Exercise description: For the entries below, copy exactly the line that contains "After cleaning the" through the line that contains "These have basic", both ends included, and exclude all pictures.

Data to examine:

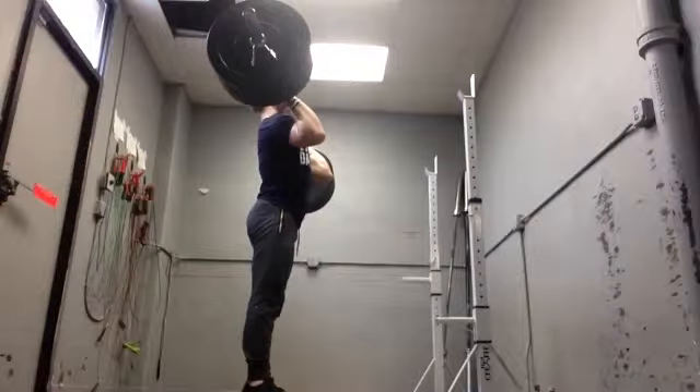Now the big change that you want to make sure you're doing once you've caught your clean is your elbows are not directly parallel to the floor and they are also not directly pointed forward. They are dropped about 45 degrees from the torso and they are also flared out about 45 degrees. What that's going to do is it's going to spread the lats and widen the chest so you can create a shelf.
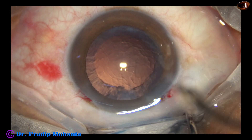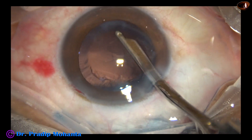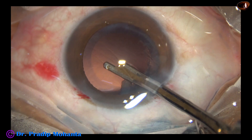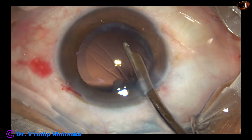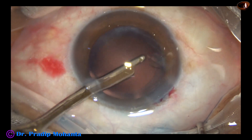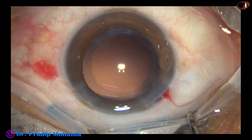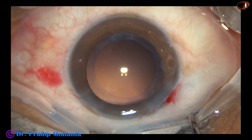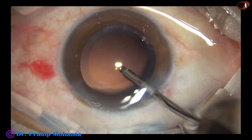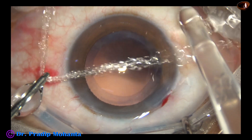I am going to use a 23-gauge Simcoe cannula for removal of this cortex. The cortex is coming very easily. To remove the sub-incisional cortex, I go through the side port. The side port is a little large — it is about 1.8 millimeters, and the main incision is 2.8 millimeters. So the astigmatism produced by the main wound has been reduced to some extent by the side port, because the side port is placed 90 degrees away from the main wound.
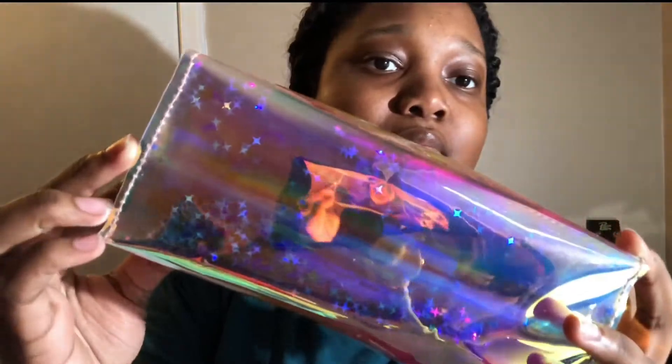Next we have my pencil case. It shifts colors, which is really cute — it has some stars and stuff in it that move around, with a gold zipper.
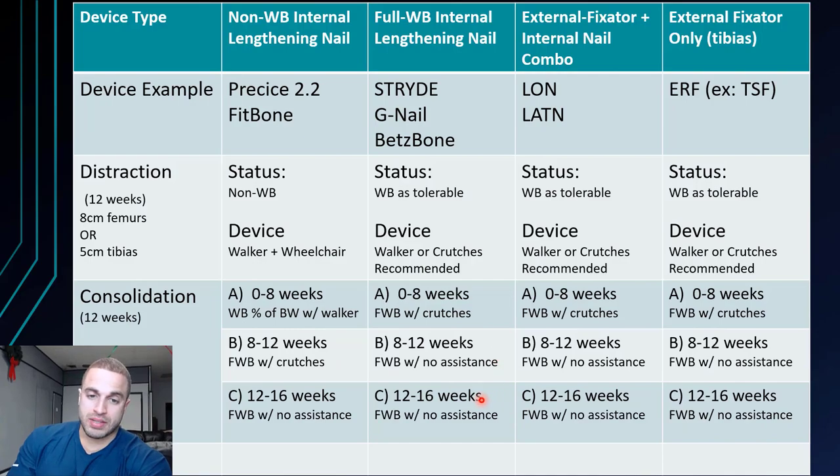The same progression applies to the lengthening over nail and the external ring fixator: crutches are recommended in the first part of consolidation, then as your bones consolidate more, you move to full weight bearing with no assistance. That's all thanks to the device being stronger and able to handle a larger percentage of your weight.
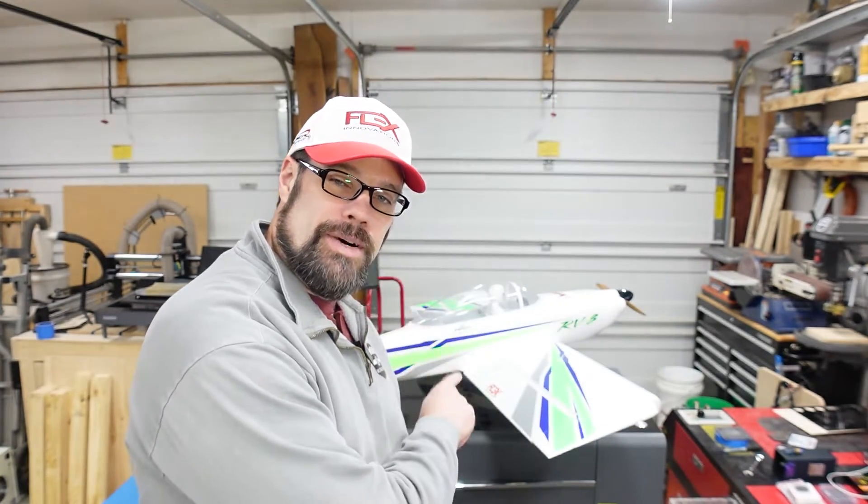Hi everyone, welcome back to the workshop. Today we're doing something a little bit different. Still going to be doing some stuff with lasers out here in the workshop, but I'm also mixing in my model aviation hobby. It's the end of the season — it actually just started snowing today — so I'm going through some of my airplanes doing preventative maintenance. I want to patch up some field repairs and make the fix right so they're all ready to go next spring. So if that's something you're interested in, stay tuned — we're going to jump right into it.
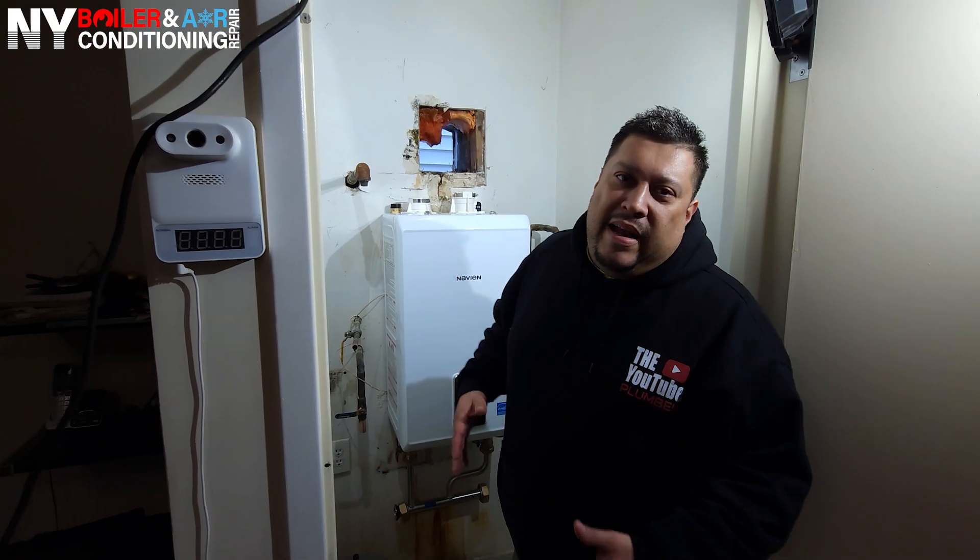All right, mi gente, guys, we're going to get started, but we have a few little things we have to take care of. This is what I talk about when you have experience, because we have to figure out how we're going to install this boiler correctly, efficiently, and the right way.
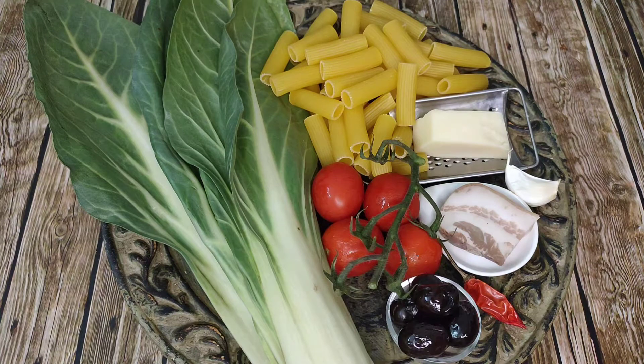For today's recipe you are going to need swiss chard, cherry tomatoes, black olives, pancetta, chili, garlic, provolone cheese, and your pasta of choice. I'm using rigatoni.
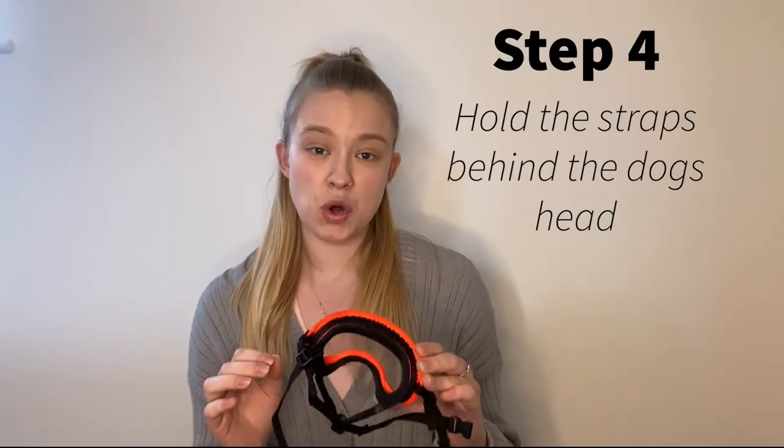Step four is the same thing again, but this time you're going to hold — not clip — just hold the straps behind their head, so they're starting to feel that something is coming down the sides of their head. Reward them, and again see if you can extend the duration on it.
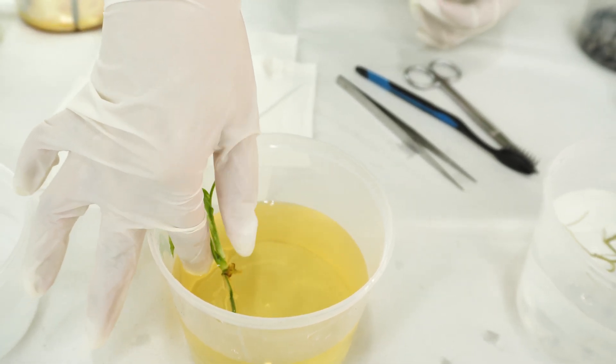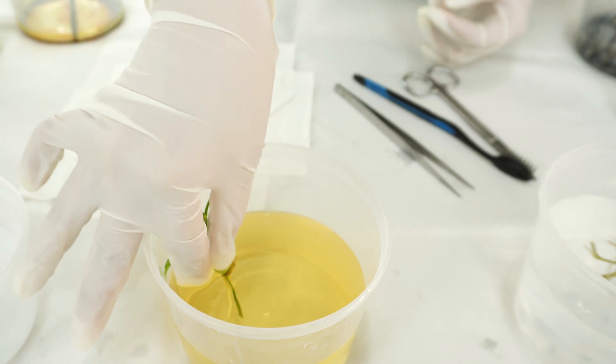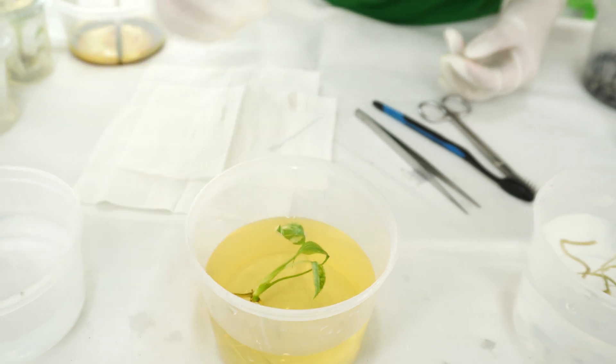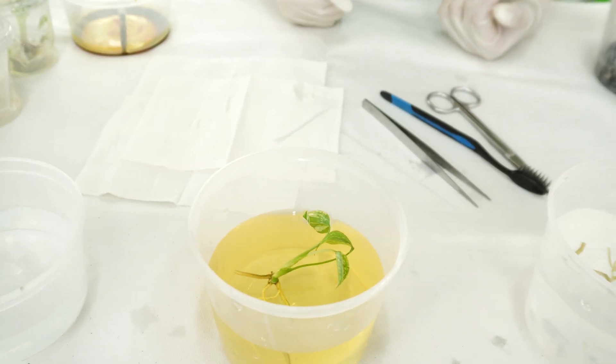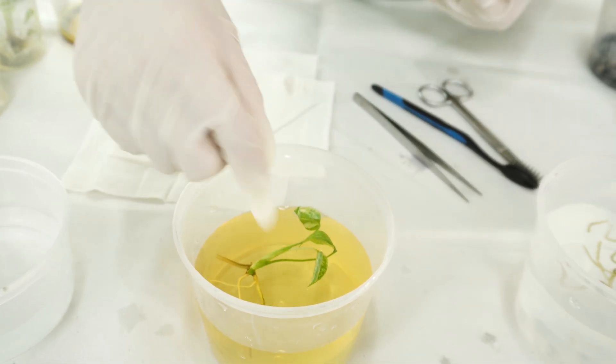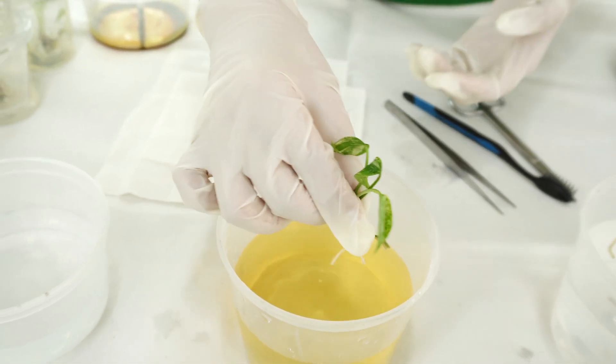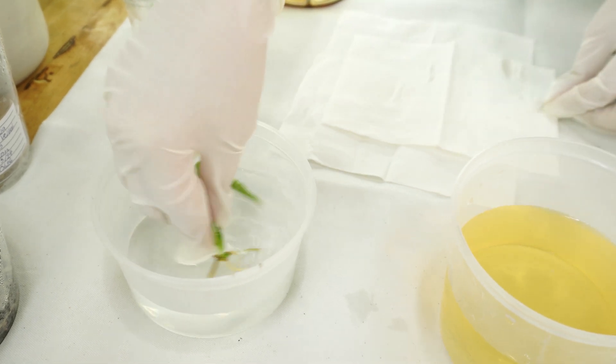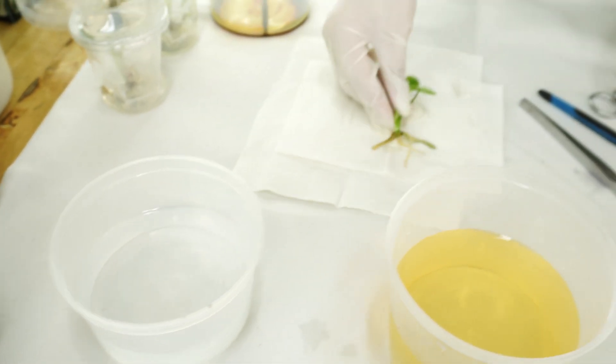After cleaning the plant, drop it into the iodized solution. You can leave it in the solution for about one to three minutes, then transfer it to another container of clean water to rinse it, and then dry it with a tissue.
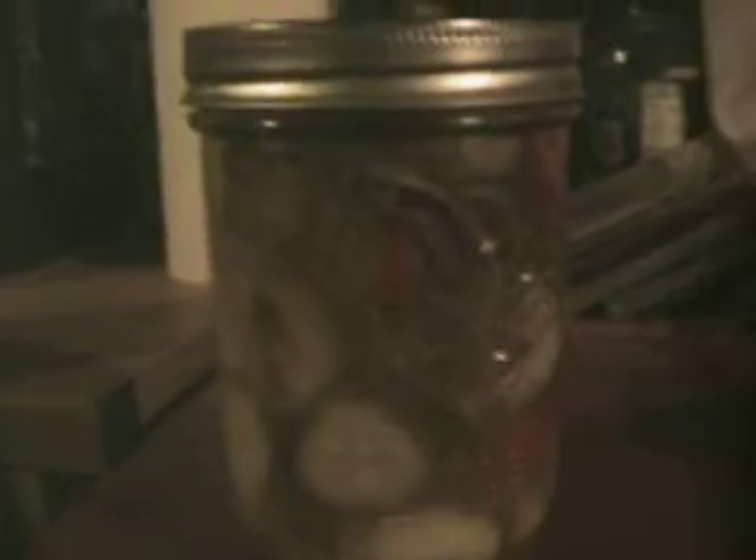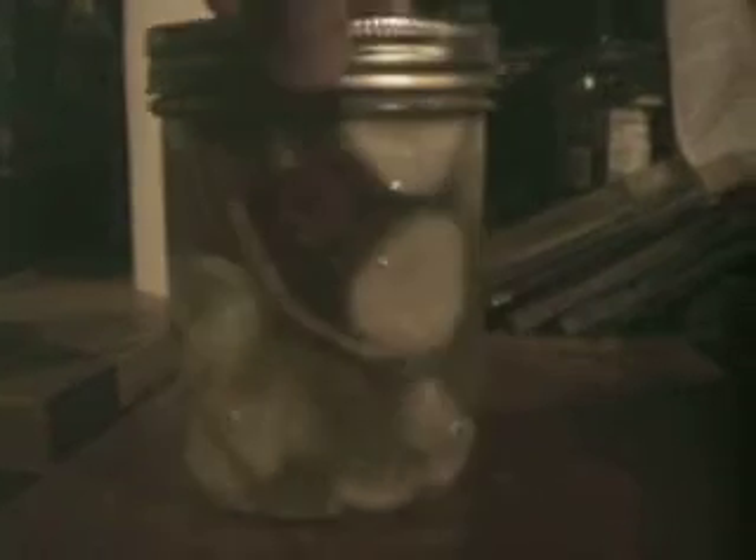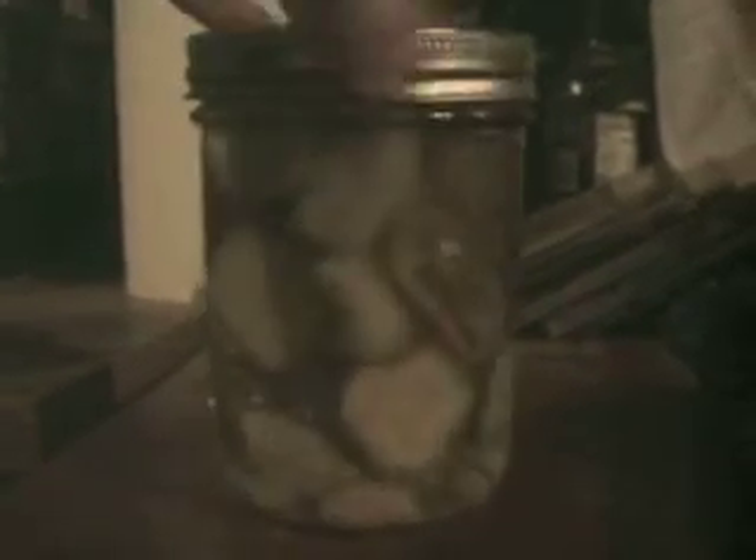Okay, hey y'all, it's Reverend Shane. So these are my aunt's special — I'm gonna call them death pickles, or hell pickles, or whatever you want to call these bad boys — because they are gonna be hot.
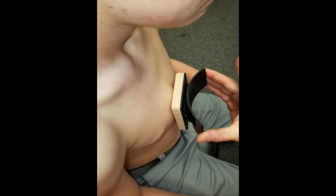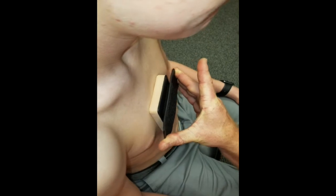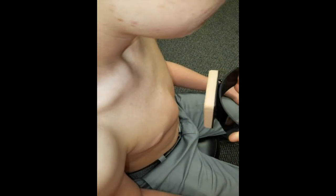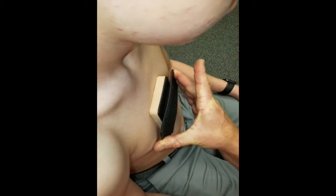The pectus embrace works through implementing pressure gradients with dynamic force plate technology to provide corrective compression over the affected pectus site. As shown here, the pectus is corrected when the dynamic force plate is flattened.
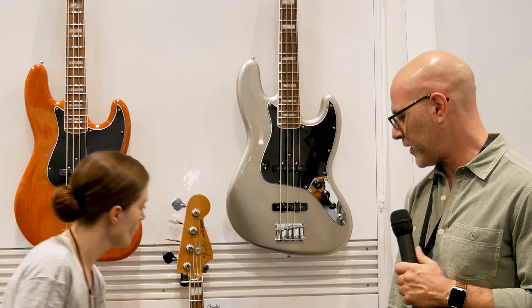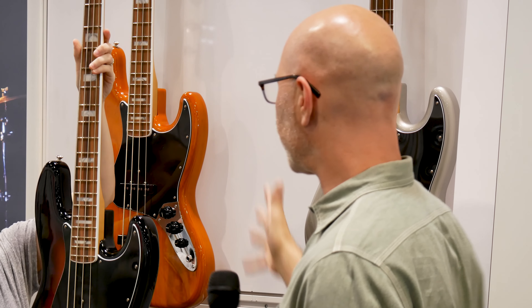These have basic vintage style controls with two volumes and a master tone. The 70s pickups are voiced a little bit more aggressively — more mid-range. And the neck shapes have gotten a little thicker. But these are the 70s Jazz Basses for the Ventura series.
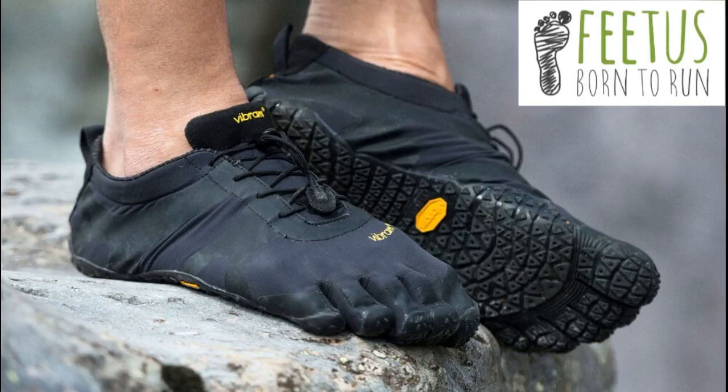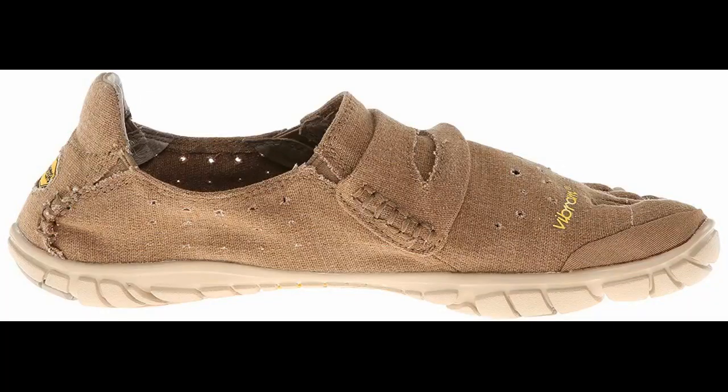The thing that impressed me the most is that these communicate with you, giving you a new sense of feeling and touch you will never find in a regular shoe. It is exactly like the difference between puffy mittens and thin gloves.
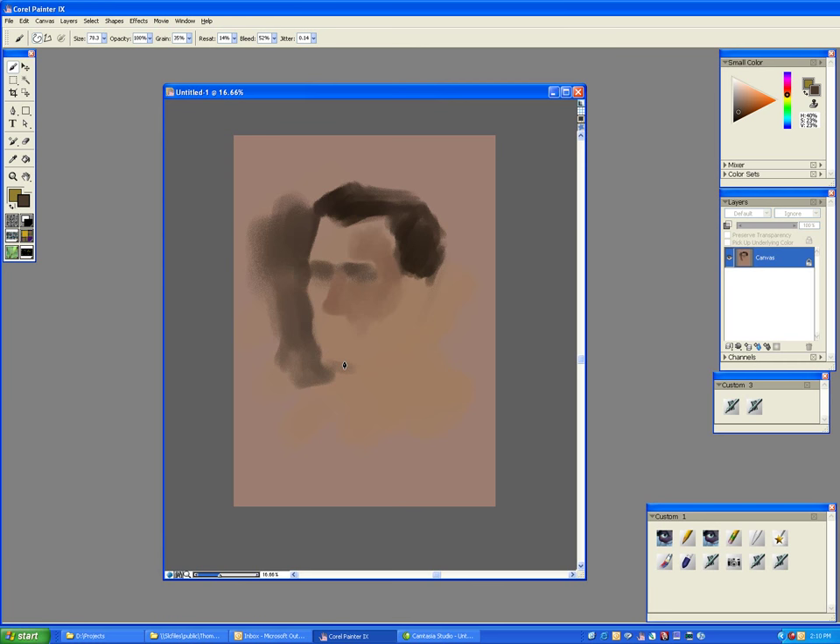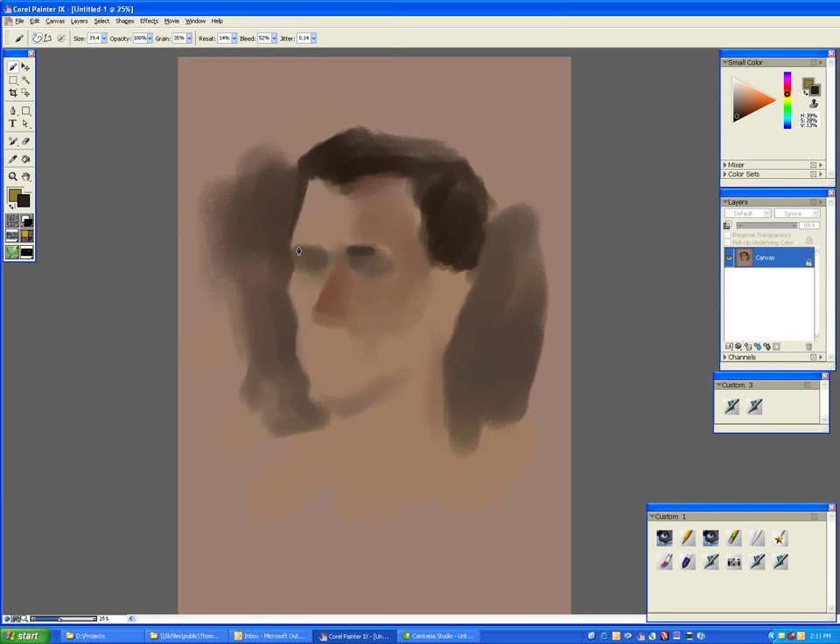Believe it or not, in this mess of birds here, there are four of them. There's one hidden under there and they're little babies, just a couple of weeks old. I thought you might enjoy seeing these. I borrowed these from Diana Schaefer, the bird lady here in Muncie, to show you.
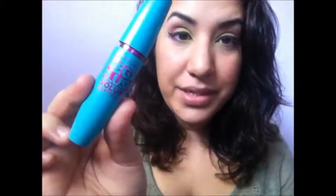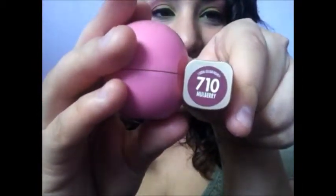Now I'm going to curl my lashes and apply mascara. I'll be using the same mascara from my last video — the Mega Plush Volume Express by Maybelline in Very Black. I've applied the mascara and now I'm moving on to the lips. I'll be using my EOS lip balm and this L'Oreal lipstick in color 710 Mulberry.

Expected answer:
After cleaning the plant, drop it into the iodized solution. You can leave it in the solution for about one to three minutes, then transfer it to another container of clean water to rinse it, and then dry it with a tissue.
Okay, hey y'all, it's Reverend Shane. So these are my aunt's special — I'm gonna call them death pickles, or hell pickles, or whatever you want to call these bad boys — because they are gonna be hot.
The pectus embrace works through implementing pressure gradients with dynamic force plate technology to provide corrective compression over the affected pectus site. As shown here, the pectus is corrected when the dynamic force plate is flattened.
These have basic vintage style controls with two volumes and a master tone. The 70s pickups are voiced a little bit more aggressively — more mid-range. And the neck shapes have gotten a little thicker. But these are the 70s Jazz Basses for the Ventura series.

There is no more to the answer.